Kesintilere karşı önlem almak, bugün her kuruluş tarafından vazgeçilmez bir gereklilik olarak kabul ediliyor. Kesinti gerçekleri her ne kadar herkes tarafından kabul edilse de önlem almanın getireceği maliyetler, yönetimler tarafından çok yüksek bulunuyor ve riske girilerek olası kesintilerle karşılaşılması göze alınıyor. Bu, özellikle Türkiye’de çok sık karşılaşılan bir durum. Günlük hayatında sigorta yaptırmanın bir külfet olduğunu düşünenlerin iş hayatlarında da aynısını uygulamaları, ellerindeki olanakların yetersizliği, risk faktörlerine göre kurtarma veya geri dönüş planlarının olmaması, maalesef büyük zararlara neden oluyor ve kuruluşu zarara uğratıyor.

Her kuruluşun, süreçlerini tekrar gözden geçirip doğrulaması, değişim ve risk yönetimini süreçlerinin içine eklemesi, önlem alınması gereken noktalarda bir plan hazırlaması ve bunu uygulaması, öncelikle içeride tamamlanması gereken bir işlemdir.

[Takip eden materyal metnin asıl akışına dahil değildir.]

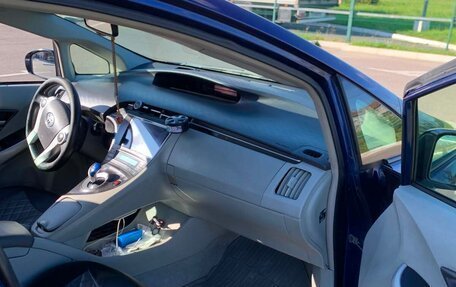 Toyota Prius, 2009 год, 1 120 000 рублей, 9 фотография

Kritik iş süreçlerinin belirlenip, bir kesinti halinde mali etkisinin ne olacağının ortaya çıkarılması ve buna göre olağanüstü durum planlarının oluşturulması gerekiyor. Oluşturulan bu planlar, bir kerelik değil, aksine sürekli güncel tutulması gereken planlardır. Bu planlara göre önlem paketlerindeki çözümlerin mali karşılaştırmalar sonrası, dış kaynak kullanımı ile alternatif yaklaşımlarla uygulanması ve sürekli denetlenmesi, sağlıklı (kesintisiz) bir çalışma ortamı beklentisinin yaklaşık %80’lik bir kısmını tamamlayacaktır.

Türkiye’ye yatırım yapan ve yapacak olan yabancı şirketlerin iş süreçlerine bakıldığında, bu tür planlamalar, ana iş konularının içinde yer alır.

Değişen koşullara göre önlem almış bir yönetimin, risk planlamalarıyla, kesintisiz çalışan ve daha kaliteli bir kuruluş olarak, rakiplerinin karşısında uzun dönemde çok büyük bir gelişme kaydedeceği kesindir.